Russian politician Dmitry Rogozin, former head of the state space agency and a fervent supporter of Russia’s invasion of Ukraine, said he has sent a French-made artillery fragment extracted from a wound he suffered while in occupied Donetsk to Paris’ ambassador to Moscow.
Rogozin claims the shell fragment came from a French artillery device, a 155mm Caesar cannon. He said he sent the piece to the French ambassador to Russia, Pierre Lévy, along with a letter, according to a message posted on a Telegram channel listed as his on his verified Twitter account.

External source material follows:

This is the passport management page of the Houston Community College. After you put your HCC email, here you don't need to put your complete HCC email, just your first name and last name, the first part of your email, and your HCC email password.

The Telegram post, which is accompanied by pictures of both the letter and the shell fragment, shares an article from Russian state news agency RIA Novosti, which published extracts from Rogozin’s letter.
“I ask you to give the shrapnel cut out of my spine to the president of France, Emmanuel Macron,” Rogozin wrote according to the excerpts, adding he hoped the French representative understood “the extent of (his) personal responsibility” in the shelling that caused his injury.

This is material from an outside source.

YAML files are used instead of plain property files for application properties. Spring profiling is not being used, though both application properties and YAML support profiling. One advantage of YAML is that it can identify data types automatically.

Rogozin, the former director general of the Russian space agency Roscosmos, was injured on December 21 in the shelling of the hotel where he was staying in Russian-occupied Donetsk, in eastern Ukraine’s Donbass region.

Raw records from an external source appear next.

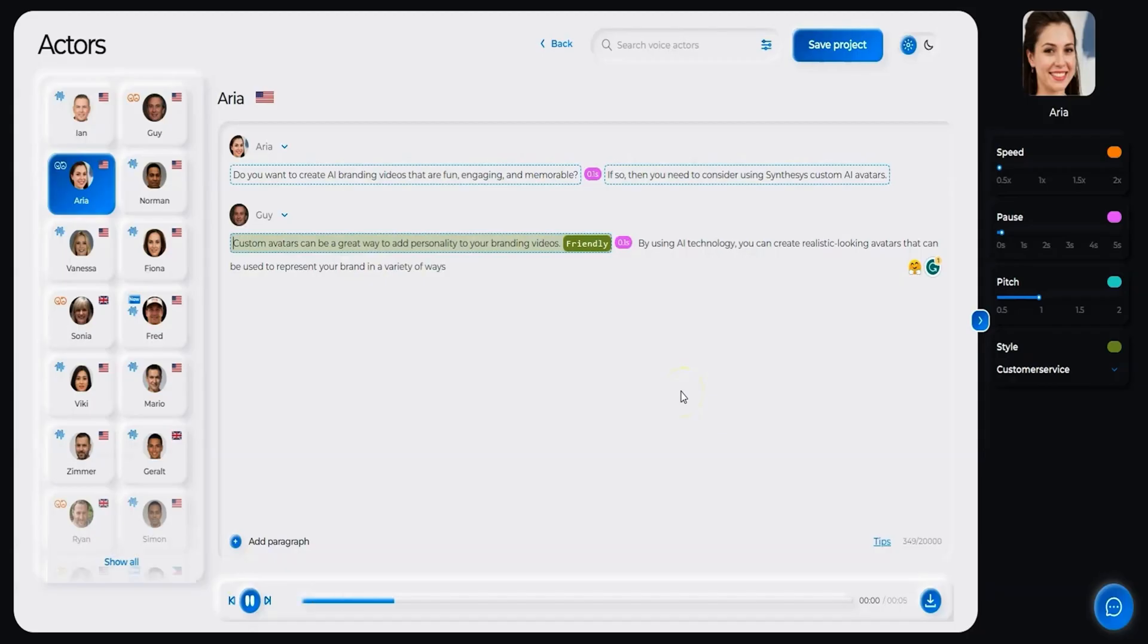Do you want to create AI branding videos that are fun, engaging, and memorable? Oh, and by the way, if you want something more personalized, you can even clone your own voice in less than five minutes.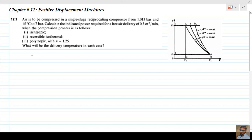The statement of problem 12.1 is: air is to be compressed in a single-stage reciprocating compressor from 1.013 bar and 15°C to 7 bar. Calculate the indicated power required for a free air delivery of 0.3 cubic meters per minute when the compression process is: isentropic, reversible isothermal, and polytropic with n = 1.25. Also find the delivery temperature in each case.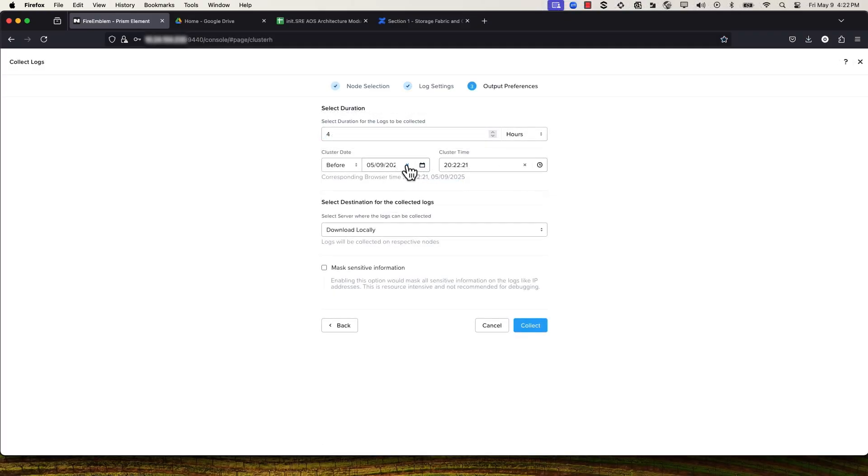Now for better results, let's set a time and duration to focus in on. Select the duration for which you want to collect the logs. You can collect the logs either in hours or days.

He confirmed his injury on Telegram the next day: “I have been wounded. Metal (shell) fragment 3×4 mm in size entered above my right shoulder blade. An operation is coming.”
Ukraine never claimed responsibility for the strike, but the Ukrainian border guard later published an ironic statement saying that Rogozin, a Russian citizen, had been “informed” that he was in Ukraine illegally.
France has sent 18 Caesar cannons — French truck-mounted howitzers — to Ukraine since the beginning of the war, where Macron said last October they had proven “decisive in the Donbas” region. During that same interview on French TV, Macron announced his country would deliver six new cannons.
Contacted by POLITICO, the French foreign ministry could not immediately provide a response to a request for comment.